[Opening DATA RECORDS section]

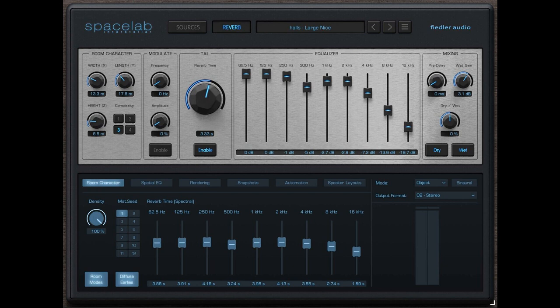Fiedler Audio releases Spacelab, a plugin for panning, reverb, and spatialization from stereo to 3D, with an intro sale.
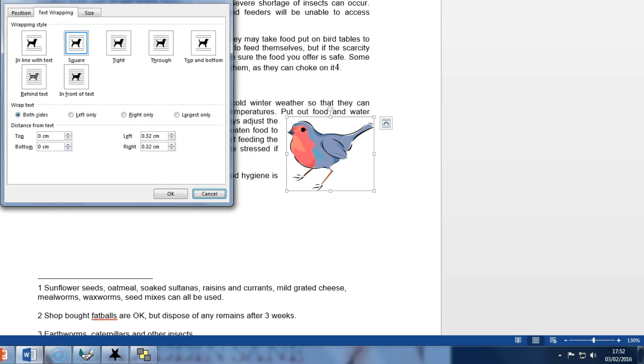So on this pane you can see that you have the square there and it wants us to wrap it right only. So make sure we select that as OK.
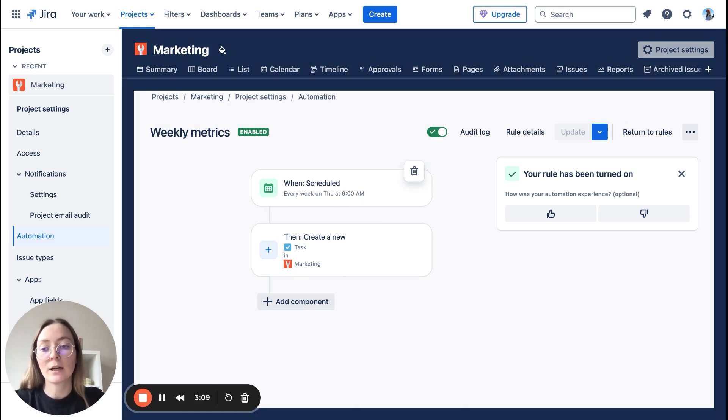So every week on Thursday at 9 AM you will have the new task on your board automatically created. And yes, that's exactly how you can get started as a marketer with Jira. Take a look at the description where I link more videos that can be useful for you. In second part, I will dive more into other Atlassian tools that I use as a marketer like Atlas, Confluence, or Loom. If you have any questions, drop them in the comment, and I will try my best to answer them. Thank you.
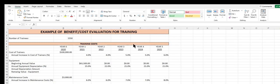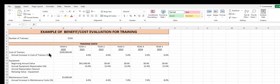Here we've got an example of doing a benefit-cost evaluation for training, and this example parallels the assignment that's in our module. The data in this example is different than our assignment, but the processes are mainly the same, and so you can use this video to help you complete that assignment.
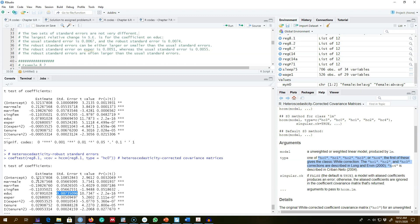If we look at the standard error of experience, the usual standard error is 0.0052, but the robust standard error is 0.0051 — so in this case the robust standard error is actually smaller. We cannot tell beforehand whether robust standard errors will be larger or smaller, but in most cases robust standard errors are larger than the usual standard errors, which is what I have found in my own research.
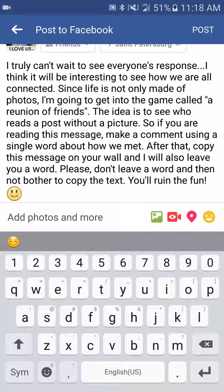There is how you copy and paste. You simply push post at the top and it's done. That's it, that's how you do it. So if you know somebody that says they do not know how to copy and paste, show them this video. Thanks for watching.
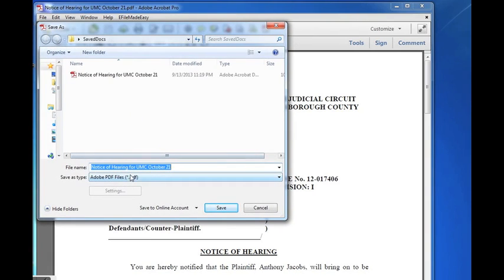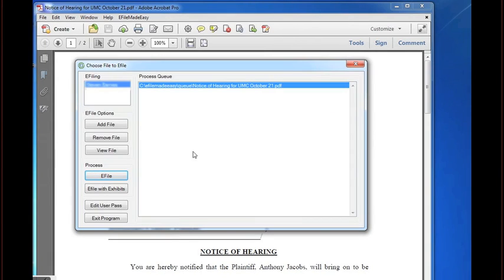The PDF document will be scrubbed of any metadata and will need to be saved in its clean form. The control window will open and you will see the file in the e-filing queue.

[Closing DATA RECORDS section]

## TASK PROMPT
Images must not appear in the copy; reproduce everything else in the records verbatim.

## EXERCISE ANSWER
Fiedler Audio releases Spacelab, a plugin for panning, reverb, and spatialization from stereo to 3D, with an intro sale.
So on this pane you can see that you have the square there and it wants us to wrap it right only. So make sure we select that as OK.
So every week on Thursday at 9 AM you will have the new task on your board automatically created. And yes, that's exactly how you can get started as a marketer with Jira. Take a look at the description where I link more videos that can be useful for you. In second part, I will dive more into other Atlassian tools that I use as a marketer like Atlas, Confluence, or Loom. If you have any questions, drop them in the comment, and I will try my best to answer them. Thank you.
Here we've got an example of doing a benefit-cost evaluation for training, and this example parallels the assignment that's in our module. The data in this example is different than our assignment, but the processes are mainly the same, and so you can use this video to help you complete that assignment.
If we look at the standard error of experience, the usual standard error is 0.0052, but the robust standard error is 0.0051 — so in this case the robust standard error is actually smaller. We cannot tell beforehand whether robust standard errors will be larger or smaller, but in most cases robust standard errors are larger than the usual standard errors, which is what I have found in my own research.
There is how you copy and paste. You simply push post at the top and it's done. That's it, that's how you do it. So if you know somebody that says they do not know how to copy and paste, show them this video. Thanks for watching.
The PDF document will be scrubbed of any metadata and will need to be saved in its clean form. The control window will open and you will see the file in the e-filing queue.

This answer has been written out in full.